When a high-reward lever required too much effort, normal subjects switched to an easier option. Mutant mice, however, kept pressing the difficult lever long after it stopped being worth it. They failed to update their strategy based on new information. This struggle mirrors how schizophrenia patients cling to old beliefs even when reality changes.

Researchers next sought to locate the brain error. They employed optogenetics, a technique using light to control genetically modified neurons. Silencing the mediodorsal thalamus in healthy mice immediately caused them to act like the mutants. These animals made poor choices and got stuck in bad patterns.

The critical test followed. Healthy mice quickly abandoned worsening choices when the laser was off. Silencing their mediodorsal thalamus with the laser on caused them to keep making poor choices. This matched the behavior of mice with the schizophrenia-linked mutation perfectly.

Activating the same brain region in mutant mice produced a dramatic result. A brief pulse of blue light improved their behavior significantly. The mutant mice switched levers at the right time and made optimal choices again. By toggling this single circuit, researchers proved the mediodorsal thalamus is the source of the problem. Silencing it caused the deficit, while activating it reversed it.

"We are quite confident this circuit is one of the mechanisms that contributes to the cognitive impairment that is a major part of the pathology of schizophrenia," said Dr. Guoping Feng. He is a neuroscientist at MIT and the senior author of the study.

The study, published in Nature Neuroscience, does not offer an immediate cure. Optogenetics remains a laboratory tool rather than a human therapy. Identifying the mediodorsal thalamus as a key node gives drug developers a specific target to aim for.

"Our brain can form a prior belief of reality," said Dr. Tingting Zhou, a co-author of the study. "When sensory input comes in, a neurotypical brain uses that new input to update the prior belief. That allows us to generate a new belief close to what reality is."

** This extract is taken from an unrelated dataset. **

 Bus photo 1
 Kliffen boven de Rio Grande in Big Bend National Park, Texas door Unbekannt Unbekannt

In schizophrenia patients, the brain weighs too heavily on the prior belief. They do not use enough current input. Consequently, their new belief becomes detached from reality.

This detachment does not arrive all at once. Initial changes are small. A person might start doubting things they once knew to be true. They could question a friend's loyalty or the meaning of a random comment from a classmate.

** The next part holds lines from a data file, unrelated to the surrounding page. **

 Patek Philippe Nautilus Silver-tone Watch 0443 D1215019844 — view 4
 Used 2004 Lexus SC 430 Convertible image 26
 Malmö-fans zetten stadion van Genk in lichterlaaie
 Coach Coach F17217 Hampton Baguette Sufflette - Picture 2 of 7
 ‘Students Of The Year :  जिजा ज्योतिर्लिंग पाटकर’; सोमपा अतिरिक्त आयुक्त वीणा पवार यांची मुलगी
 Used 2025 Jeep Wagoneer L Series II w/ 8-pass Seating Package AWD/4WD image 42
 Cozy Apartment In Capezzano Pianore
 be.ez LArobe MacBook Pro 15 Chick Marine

Soon, internal thoughts and external reality begin to blur. Early signs typically include withdrawing from social life and anxiety. Patients often neglect personal hygiene and reduce motivation. They also isolate themselves from others.

Someone may begin to believe they are in an alternate universe. They might think others are inserting thoughts or voices into their mind. Over time, they stop trusting what they see and hear. Instead, they rely on ideas with no connection to the outside world.

A passing car is not just a car; it appears to be following them. A news anchor is not reading the news; they seem to be sending a secret message. The person does not choose to believe these things. Their brain has simply lost the ability to update its understanding of reality.